Our Art class unit on visual balance has included projects for symmetry, asymmetry, and radial balance. During week four we learned about crystallographic balance by studying the works of Andy Warhol. Andy was a boy from Pittsburg who ate a lot of Campbell's Soup. He believed that art could be produced for the masses without compromising quality. He took Pop Art up a notch or two when he started wearing a gray wig (in his 20's), called his his studio a factory, and made a movie of himself eating a hamburger. His iconic Campbell's Soup can paintings in 1962 were hung on a grid. His screen prints of popular icons such as Marylin Monroe or Liz Taylor, were often printed on a grid. This grid type composition is how crystallographic balance is created. It is like a tessellation or wall paper and can go on and on, the same way crystals grow.

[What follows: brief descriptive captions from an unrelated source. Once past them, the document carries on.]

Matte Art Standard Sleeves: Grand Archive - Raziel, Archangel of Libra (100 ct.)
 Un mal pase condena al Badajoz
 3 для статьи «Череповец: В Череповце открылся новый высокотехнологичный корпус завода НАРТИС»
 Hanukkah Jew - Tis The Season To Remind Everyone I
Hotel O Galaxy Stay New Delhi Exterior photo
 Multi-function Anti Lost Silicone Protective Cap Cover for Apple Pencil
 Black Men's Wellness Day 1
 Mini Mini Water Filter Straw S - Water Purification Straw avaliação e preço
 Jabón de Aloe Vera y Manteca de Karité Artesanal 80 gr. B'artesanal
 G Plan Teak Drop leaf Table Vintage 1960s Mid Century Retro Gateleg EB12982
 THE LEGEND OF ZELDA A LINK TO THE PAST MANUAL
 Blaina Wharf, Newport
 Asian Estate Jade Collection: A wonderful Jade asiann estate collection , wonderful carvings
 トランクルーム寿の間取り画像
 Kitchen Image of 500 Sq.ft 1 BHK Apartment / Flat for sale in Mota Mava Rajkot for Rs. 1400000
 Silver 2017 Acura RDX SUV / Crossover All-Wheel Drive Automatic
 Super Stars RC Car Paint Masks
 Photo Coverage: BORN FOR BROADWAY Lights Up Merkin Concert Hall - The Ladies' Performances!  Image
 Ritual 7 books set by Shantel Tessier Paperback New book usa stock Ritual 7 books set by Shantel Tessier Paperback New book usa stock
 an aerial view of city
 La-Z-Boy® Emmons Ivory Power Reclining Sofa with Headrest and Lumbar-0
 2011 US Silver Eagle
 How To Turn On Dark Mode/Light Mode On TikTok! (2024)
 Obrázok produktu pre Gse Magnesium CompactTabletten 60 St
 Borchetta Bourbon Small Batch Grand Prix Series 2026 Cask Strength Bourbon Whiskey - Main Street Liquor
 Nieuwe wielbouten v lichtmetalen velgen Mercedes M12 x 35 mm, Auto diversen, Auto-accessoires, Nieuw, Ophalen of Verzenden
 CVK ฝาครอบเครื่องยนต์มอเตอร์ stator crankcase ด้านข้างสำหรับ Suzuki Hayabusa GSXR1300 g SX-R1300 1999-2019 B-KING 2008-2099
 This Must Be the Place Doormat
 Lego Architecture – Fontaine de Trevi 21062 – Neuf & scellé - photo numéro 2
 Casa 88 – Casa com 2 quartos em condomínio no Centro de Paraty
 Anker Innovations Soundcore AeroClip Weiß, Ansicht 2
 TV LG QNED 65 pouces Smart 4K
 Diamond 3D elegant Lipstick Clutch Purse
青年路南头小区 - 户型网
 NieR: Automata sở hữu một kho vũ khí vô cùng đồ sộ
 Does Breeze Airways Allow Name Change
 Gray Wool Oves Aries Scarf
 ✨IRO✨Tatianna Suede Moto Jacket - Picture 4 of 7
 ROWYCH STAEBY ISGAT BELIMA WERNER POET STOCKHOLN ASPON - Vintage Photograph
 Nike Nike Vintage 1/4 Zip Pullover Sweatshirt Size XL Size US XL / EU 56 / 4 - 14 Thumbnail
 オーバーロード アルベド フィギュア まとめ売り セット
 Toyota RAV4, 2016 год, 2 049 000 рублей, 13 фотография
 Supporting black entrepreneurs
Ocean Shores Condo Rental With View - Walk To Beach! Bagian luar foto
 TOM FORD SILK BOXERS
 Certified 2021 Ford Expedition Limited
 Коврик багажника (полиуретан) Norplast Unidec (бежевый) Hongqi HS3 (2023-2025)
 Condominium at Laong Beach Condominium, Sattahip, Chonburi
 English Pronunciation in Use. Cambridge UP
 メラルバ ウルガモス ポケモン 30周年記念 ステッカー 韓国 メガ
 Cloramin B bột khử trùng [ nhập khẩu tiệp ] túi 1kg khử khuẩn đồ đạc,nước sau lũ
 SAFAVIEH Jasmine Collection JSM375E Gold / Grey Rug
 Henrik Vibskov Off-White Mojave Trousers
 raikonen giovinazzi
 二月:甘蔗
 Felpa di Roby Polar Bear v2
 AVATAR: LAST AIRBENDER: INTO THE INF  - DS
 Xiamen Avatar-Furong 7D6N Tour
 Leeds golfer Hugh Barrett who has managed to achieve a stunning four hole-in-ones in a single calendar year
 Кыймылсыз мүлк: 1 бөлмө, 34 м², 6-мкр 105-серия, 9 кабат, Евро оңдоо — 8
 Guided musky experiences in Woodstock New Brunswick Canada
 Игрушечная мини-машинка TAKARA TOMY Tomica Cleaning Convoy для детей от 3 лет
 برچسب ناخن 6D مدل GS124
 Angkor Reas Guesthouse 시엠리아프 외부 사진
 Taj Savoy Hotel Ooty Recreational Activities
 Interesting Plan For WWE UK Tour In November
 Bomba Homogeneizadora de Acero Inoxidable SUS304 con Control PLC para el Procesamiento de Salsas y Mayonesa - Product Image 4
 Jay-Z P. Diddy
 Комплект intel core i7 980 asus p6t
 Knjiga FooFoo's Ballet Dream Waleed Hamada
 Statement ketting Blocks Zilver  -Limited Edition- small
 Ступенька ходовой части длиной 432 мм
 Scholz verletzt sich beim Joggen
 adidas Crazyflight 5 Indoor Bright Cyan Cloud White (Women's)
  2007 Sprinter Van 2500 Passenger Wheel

I had my students use the iconic pop artist's medium of screen printing as well as one of his compositional devices.
Some students chose to print out faces of people found on the internet. These were cut to make paper stencils for the screen.
Others created their own shapes to print a shape several times before making a different shape for the next run of color.
One student, during a slide show, saw a painting by Juan Miro, pointed to the Calder-style mobiles hanging above us, and said, "Hey that looks like those!" That was the first time that I had noticed the relationship between the two artist's styles. Before a couple of weeks ago, I didn't even know the two of them were friends. Some of my students chose to borrow Miro's whimsical and organic style of crystallographic balance, and use lines and symbols to tie the shapes together.
This type of project is easiest when done in small groups of people who share the same ink color for each run. But even with my small classes, it was driven home that there are many ways to find balance in a work of art.